There are many various types of flash cables for Wired trigger, and the cable has to fit the connector. This Chinese cable and adapter stuff is inexpensive on Ebay, but Flash Zebra is one very reliable source (both reliable service and parts quality), and in particular, they provide excellent full descriptions of the parts, to know for sure which you may need. To show the connectors that I mention, I added Flash Zebra links below to typical cords showing the connector type. They have wide choices you won't find elsewhere, so buy from them, and hopefully they should forgive my links.
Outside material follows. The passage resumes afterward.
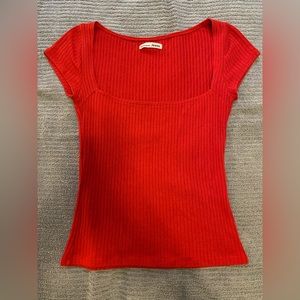 Reformation square neck top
A TTL flash requires communication with the camera metering system, so TTL has to be on the hot shoe, or a single TTL flash can connect with a hot shoe extension cable. Otherwise a Commander capability is the only way to trigger multiple or remote iTTL flashes for digital cameras (which of course becomes a unique feature). Nikon models SB-600, SB-700, SB-800, SB-900, SB-910 and SB-R200 can work remotely with the Commander (like in two umbrellas for example). A few third party flashes (for example Yongnuo YN565EX) can work with the Commander, but this feature is relatively rare. Lower end camera models (currently D3100, D5200) do not include a commander.
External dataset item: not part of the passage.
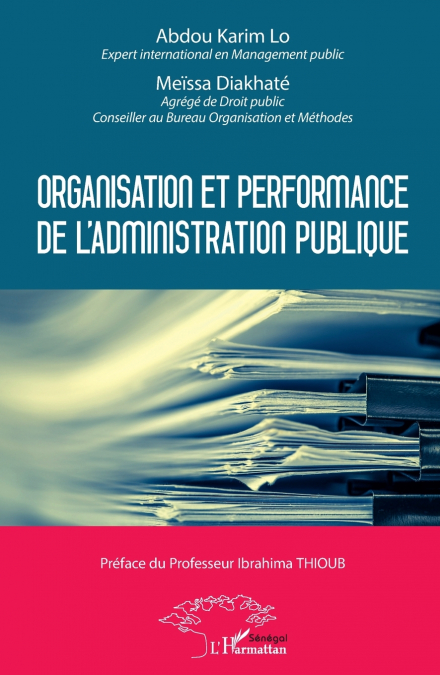 Organisation et performance de l’administration publique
If your camera model does not provide the Commander or Auto FP flash modes, then those flash features won't help (maybe on your next camera). That feature omission could make less expensive flash options be more attractive and justifiable. Nikon camera models which include the Commander also include Auto FP and FV Lock. Camera models without the Commander do not.
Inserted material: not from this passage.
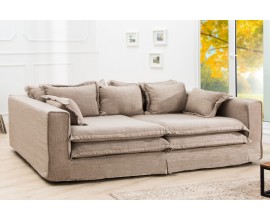 Elegantná sedačka Cloud 230cm piesková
Opinion: In fixed situations (umbrellas, etc), I mostly use manual flash (and a hand held flash meter if multiple flash units). However, it seems obvious that indoors, everyone needs a good hot shoe TTL bounce flash (for example, to keep up with quick kids, or to do the walk-around pictures at the birthday party). And sadly, many of us need a kick in the rear to start thinking about getting better flash pictures (which bounce is). It is easy enough for anyone. For a Nikon camera, I don't necessarily imply Nikon brand flash, but my thinking is that the SB-700 is an easy choice today - especially true if you have a camera model described as "higher than low end", which can use the Wireless Commander/Remote and Auto FP HSS features the SB-700 provides. Higher price cameras like D90, D300, D7000 and up have these features too, but lower price cameras like D60 and D3100 and D5200 do not (no Commander, no Auto FP mode). The SB-700 is pricey, and its features may be overkill if you only use hot shoe direct flash aimed straight ahead (however it does also offer GN Mode, really useful for direct flash). But TTL flash mode is something essential, features you can really use, all the time. It can do walk-around TTL bounce, like at parties or to follow kids playing. It can also do manual flash mode, and has a great SU-4 slave mode that works wirelessly off-camera, like in umbrellas. The SB-700 also works as a wireless remote with the Commander (and if you have a Commander, you do want to see this feature). It should do anything you need a flash to do. I use a couple of similar but discontinued SB-800, about ten years old now, and they have been absolutely wonderful. But if you will never bother to investigate and use these better features, then a lot less flash might suit you too. But flash really is pretty easy - and never learning flash would be a real shame.